On Wednesday, Catalina Holdings (Bermuda) Ltd (“Catalina”) and SPARTA Insurance Holdings, Inc. (“Sparta”) announced a definitive agreement under which Catalina will acquire Sparta.

Once the deal is closed, Catalina plans to place some of Sparta’s business into run off and to transfer Sparta’s alternative market business to Arch Insurance Company under a separate renewal rights agreement.

Sparta predominantly focuses on specialty program and alternative risk transfer (ART) alternatives in the United States.

This is Catalina’s twelfth transaction since the business was established in 2005. Total assets of Catalina pro forma for this acquisition will be in excess of $2.9 billion.

In a statement announcing the deal, Chris Fagan, chairman and chief executive of Catalina, said: “The acquisition of Sparta adds significantly to our operations in the northeast of the United States, and follows quickly after our recent acquisition of Alea North America.”

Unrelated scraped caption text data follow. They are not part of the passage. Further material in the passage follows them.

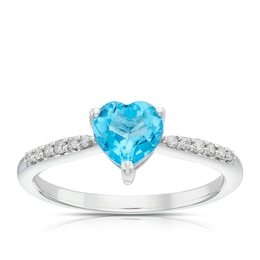 Sterling Silver Diamond & Blue Topaz Heart Solitaire Ring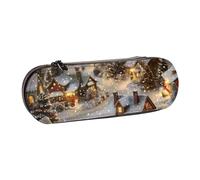 KCGSDEGV Trousse à crayons imprimée Village de Noël pour écolières et garçons, jolie trousse à crayons en cuir avec fermeture éclair, Noir , Taille unique, Cartable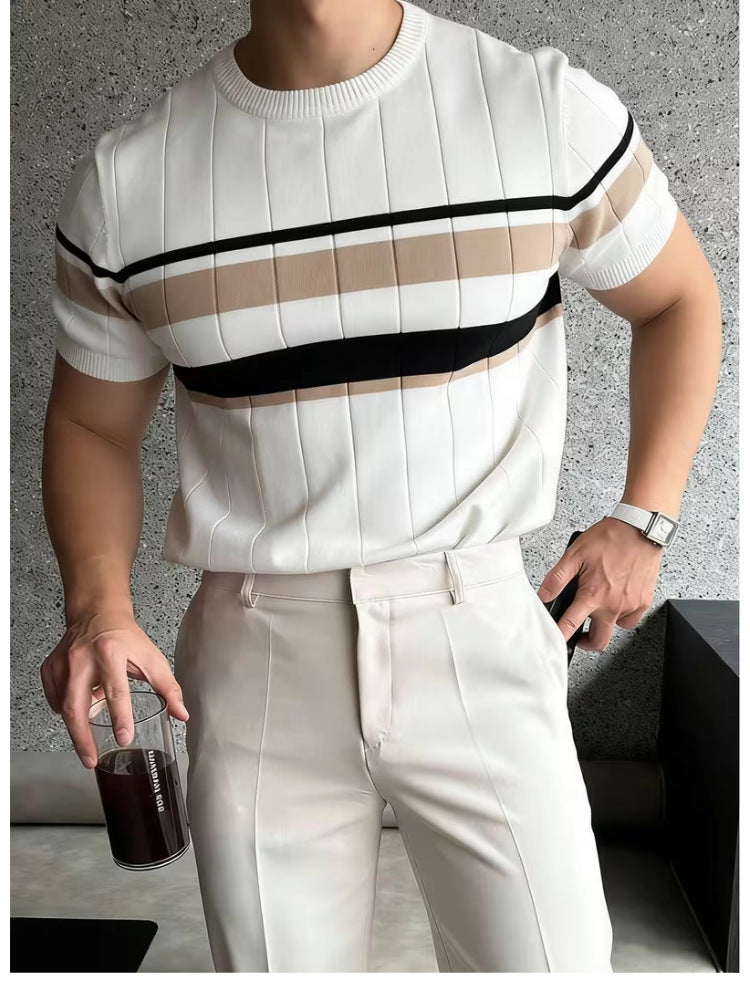 Couleur-Block rayés hommes tricoté manches courtes supérieur casual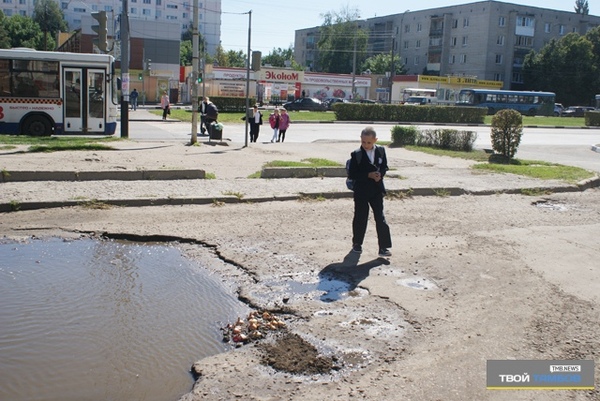 In Tambov, an onion was planted in a road pit - Tambov, Onion, Garden, Landing, Road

Sparta had total assets of $911million as of Dec. 31, 2013, net reserves of $309million and shareholders equity of $201million.

Sparta stated: “We have carefully explored our strategic alternatives and have concluded that the Catalina transaction combined with the renewal rights sale is in the best interests of our stakeholders. The alternative market customers and program administrators will be offered an opportunity to transfer, along with some of the senior leadership team from Sparta, to Arch Insurance Company.” Catalina will acquire Sparta from cash at hand and a senior debt facility. The transaction, which is subject to regulatory approval, is expected to close in the third quarter of 2014.

Mayer Brown LLP acted as legal advisers to Catalina in this transaction.

J.P. Morgan Securities LLC acted as financial advisor and Willkie Farr & Gallagher LLP acted as legal advisors to Sparta in this transaction.

About Catalina Holdings (Bermuda) Ltd

Catalina Holdings (Bermuda) Ltd (“Catalina”) is a long term consolidator in the non-life insurance/reinsurance run-off sector. Catalina was established in 2005 to focus solely on the acquisition and management of non-life insurance/reinsurance companies in run-off. Shareholders include substantial financial institutions including funds managed by Apollo Global Management, Ontario Teachers’ Pension Plan and Caisse de Depot et Placement du Quebec.

Since its foundation, Catalina has made over $1 billion of acquisitions in the non-life insurance and reinsurance run-off sector.